CHAGRIN, TRISTESSE. Le chagrin est une souffrance de l'âme, souffrance causée par une peine quelconque, par une contrariété, un désappointement, une perte, etc. La tristesse est un état de l'âme que le chagrin peut produire, mais qui peut aussi se développer de soi-même et sans accident. La mort d'une personne chérie cause un violent chagrin et jette dans une profonde tristesse. La tristesse est l'opposé de la joie et de la gaieté ; le chagrin n'a point d'opposé. Parce qu'elle est un état, la tristesse se dit des choses inanimées : la tristesse d'une harmonie, d'un site ; parce qu'il est une souffrance, le chagrin ne se dit que des personnes.

HISTORIQUE

XVe s. Il faut laisser le chalgrin importun à tout le moins à la table buvant, Basselin, XL.

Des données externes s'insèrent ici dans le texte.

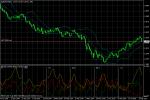 EUR/USD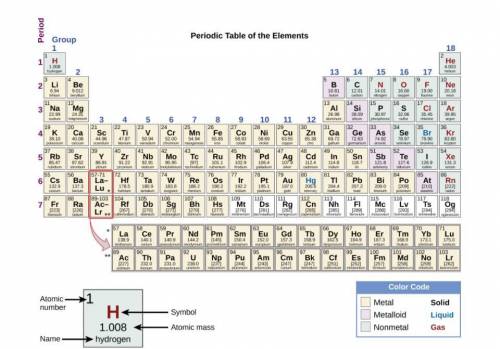 Elements are organized on the periodic table based on their properties. Which statement correctly pr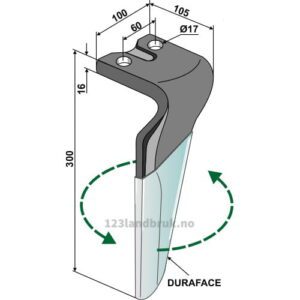 Fresetind til Horisontalfres - DURAFACE - 300x100x16mm - Venstre - Remac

XVIe s. Chagryn fait les gens aager bien tost, Palsgrave, p. 418.

ÉTYMOLOGIE

Bourguig. chaigrin. Ce mot est, comme on voit, nouveau dans la langue ; on ne peut donc y apercevoir que le mot chagrin, peau rude et grenue, qui, employée pour frotter, polir, limer, est devenue, par métaphore, l'expression d'une peine qui ronge (voy. CHAGRIN 1). Le patois génois a sagrinà, ronger, et sagrinâse, se ronger de colère ; ce qui met sous les yeux le procédé mental qui, de chagrin, peau rude, a fait chagrin, peine morale.